Previous Section Back to Table of Contents Lords Hansard Home Page


Lord McCluskey: My Lords, I am happy to withdraw the amendment, but, having now found my notes, I realise that I have a little more to say. First, the notion of an appeal which involves a question of law

6 Feb 1995 : Column 68

alone, which appears in Section 1 of the Criminal Appeal Act 1968 (the English Act) is reflected in Section 240 of the Criminal Proceedings (Scotland) Act 1975 which provides that an appellant shall be entitled to be present, if he desires it, on the hearing of his appeal, except when the appeal is on some ground involving a question of law alone. That is a provision which has puzzled me in the same way as it has puzzled the noble and learned Lord the Lord Advocate.

The noble and learned Lord may be too young to remember the days before the new appeal procedures were brought in, when one applied for leave to appeal but it was heard in open court. Effectively one was arguing a question of law alone, although one might add a question of mixed fact and law. That distinction between a question of law alone, of the kind of which the noble and learned Lord has just been speaking, and a question of mixed fact and law, is one which is well understood in Scottish jurisprudence and is reflected in Section 1 of the 1968 English Act. Subsection (2B) refers to questions of fact alone, mixed fact and law, and so forth. It is that provision which relates also to where the judge of the court of trial grants a certificate.

I hope that the Government will consider carefully the possibility of the judge of the trial court being brought into the matter, because we have many things to do at the end of a trial. If there has been a conviction, in the High Court we would normally have to write a report for the Parole Board. We have to start preparing our report for the appeal, because appeals are extremely common nowadays. I see nothing wrong with our being invited at that stage to put down briefly our comments upon the merits of the case, as it were, in relation to an appeal. If the trial judge has a sense that justice may not have been properly done, perhaps because the defence has not been properly conducted, or for some other such reason, then he should have an opportunity to do that. I am sure that the Government, who have listened all along, will consider this matter further.

The Earl of Balfour: My Lords, before the noble and learned Lord, Lord McCluskey, withdraws the amendment, from my limited experience of court procedure, and as I understand the position, on technicalities of law, more than anything else, the verdict of not proven has from time to time been brought into Scots law. Surely that provision still exists on appeal: that the appeal judges could decide that the case was not proven in respect of the law. I may be wrong, but that is the impression I have.

Lord McCluskey: My Lords, before I sit down perhaps I may say that I doubt very much whether that is a matter which would trouble their lordships in the Appeal Court. They are concerned with errors of law.
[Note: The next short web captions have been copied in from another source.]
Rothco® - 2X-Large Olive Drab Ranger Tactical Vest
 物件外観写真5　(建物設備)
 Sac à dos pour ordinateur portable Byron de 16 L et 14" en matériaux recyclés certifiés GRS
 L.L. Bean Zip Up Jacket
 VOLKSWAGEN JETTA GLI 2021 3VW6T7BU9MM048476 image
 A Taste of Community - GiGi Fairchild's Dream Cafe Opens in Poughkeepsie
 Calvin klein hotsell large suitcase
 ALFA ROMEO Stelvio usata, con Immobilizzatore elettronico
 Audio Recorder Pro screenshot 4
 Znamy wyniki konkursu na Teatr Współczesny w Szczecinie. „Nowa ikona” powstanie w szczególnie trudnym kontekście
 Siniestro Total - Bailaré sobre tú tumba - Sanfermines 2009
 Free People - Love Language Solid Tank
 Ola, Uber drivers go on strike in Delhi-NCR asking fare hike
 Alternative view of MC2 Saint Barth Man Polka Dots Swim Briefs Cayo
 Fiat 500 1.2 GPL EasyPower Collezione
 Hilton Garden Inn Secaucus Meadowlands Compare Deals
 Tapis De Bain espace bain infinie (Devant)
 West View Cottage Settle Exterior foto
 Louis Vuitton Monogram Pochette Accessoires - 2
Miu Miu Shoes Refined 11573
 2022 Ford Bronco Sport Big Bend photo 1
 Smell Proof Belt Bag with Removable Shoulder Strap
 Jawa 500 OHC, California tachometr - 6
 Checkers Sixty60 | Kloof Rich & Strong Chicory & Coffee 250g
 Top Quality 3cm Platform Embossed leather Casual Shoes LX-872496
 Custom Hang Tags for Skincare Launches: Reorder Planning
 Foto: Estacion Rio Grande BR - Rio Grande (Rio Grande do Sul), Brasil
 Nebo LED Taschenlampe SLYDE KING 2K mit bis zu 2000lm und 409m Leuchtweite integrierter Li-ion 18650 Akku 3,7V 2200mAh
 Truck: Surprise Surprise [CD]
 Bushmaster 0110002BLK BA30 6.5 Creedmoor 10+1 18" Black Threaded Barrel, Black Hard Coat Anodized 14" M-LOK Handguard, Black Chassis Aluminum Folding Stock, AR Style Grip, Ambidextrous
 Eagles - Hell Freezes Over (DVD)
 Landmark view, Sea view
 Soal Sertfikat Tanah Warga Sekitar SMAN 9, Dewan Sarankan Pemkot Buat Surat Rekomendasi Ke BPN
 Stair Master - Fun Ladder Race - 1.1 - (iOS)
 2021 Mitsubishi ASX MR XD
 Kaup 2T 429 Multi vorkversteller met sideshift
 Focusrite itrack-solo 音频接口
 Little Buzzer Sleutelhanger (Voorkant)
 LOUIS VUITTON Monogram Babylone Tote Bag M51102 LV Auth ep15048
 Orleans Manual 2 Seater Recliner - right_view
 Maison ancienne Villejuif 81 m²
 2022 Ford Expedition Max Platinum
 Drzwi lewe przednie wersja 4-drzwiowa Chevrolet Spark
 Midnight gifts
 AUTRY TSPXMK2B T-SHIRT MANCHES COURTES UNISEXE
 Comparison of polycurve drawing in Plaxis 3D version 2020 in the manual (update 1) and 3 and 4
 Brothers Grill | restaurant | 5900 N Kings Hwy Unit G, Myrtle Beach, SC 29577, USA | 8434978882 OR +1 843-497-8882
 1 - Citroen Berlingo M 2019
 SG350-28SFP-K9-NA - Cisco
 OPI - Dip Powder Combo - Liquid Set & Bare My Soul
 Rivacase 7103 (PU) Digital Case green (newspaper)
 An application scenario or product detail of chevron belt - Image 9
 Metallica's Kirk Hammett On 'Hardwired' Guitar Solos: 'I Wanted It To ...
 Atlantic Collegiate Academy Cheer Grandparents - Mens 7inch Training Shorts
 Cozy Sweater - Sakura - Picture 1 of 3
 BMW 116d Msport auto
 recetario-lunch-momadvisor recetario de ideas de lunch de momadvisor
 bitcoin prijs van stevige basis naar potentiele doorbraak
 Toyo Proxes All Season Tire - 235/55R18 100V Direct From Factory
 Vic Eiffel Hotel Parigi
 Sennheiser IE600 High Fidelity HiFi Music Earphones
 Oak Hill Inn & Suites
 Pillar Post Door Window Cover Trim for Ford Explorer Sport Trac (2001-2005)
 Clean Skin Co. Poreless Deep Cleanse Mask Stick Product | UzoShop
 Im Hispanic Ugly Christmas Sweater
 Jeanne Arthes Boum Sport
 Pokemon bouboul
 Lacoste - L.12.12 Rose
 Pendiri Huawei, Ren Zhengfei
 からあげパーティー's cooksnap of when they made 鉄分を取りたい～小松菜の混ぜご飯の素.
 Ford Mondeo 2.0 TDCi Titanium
The error of law about which we are talking is, as I said, where a judge makes a mistake in the instructions he gives to the jury; where a judge makes a mistake in relation to the admissibility or exclusion of evidence, or something of that kind.

If something of that kind happens, the Appeal Court says, "Well, prima facie something has gone wrong here, or something has gone wrong. Does that amount

6 Feb 1995 : Column 69

to a miscarriage of justice?" That is the way it looks at it. That is a matter which is under consideration by the Sutherland Committee, and could perhaps be left to it.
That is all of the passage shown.